American law enforcement has placed a $5 million bounty on his head, labeling him a key player in Europe’s narco-trafficking networks.
His strategic mind, which earned him the nickname ‘Chess,’ has kept him one step ahead of authorities for decades.
Kinahan’s influence is not confined to his own operations.
He runs his criminal enterprise alongside his father, Christy Kinahan, 68, a softly spoken figure known as ‘the Dapper Don,’ and his brother, Christy Jnr, 45.

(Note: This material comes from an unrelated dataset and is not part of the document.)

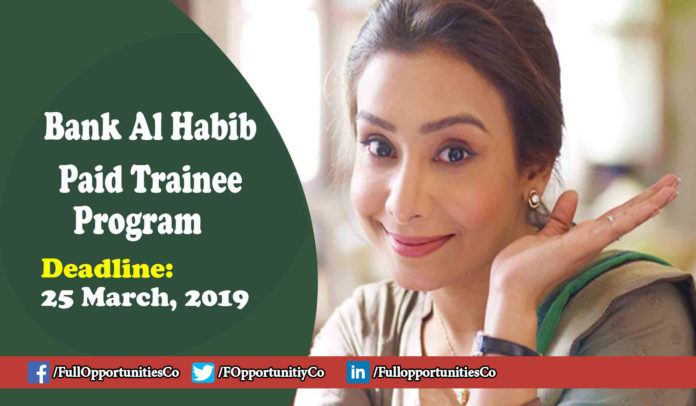 Bank Al Habib Paid Trainee Program 2019 for Graduates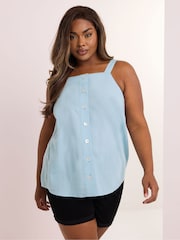 Yours Curve Blue Sleeveless T-Shirt - Image 5 of 5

Together, they have built an empire that, despite the chaos of the 2016 attack, has thrived in Dubai—a city that offers both sanctuary and opulence.
The Gulf state’s relaxed money-laundering laws have enabled the Kinahan family to amass luxury assets, including high-end apartments and cars, while their wives and children enjoy a life of excess in the sun-drenched emirates.
Their Dubai years are marked by lavish events, such as the 2017 wedding of Daniel Kinahan and Caoimhe Robinson at the Burj Al Arab hotel, where the couple sat on gilded thrones beneath a colossal chandelier, flanked by international drug-smuggling kingpins and the boxer Tyson Fury.
The Kinahan family’s story is one of resilience and reinvention, but it is also a cautionary tale of how crime can transcend borders and time.
As the Bonnington Hotel’s festive season fades into memory, the shadow of the 2014 massacre looms once more.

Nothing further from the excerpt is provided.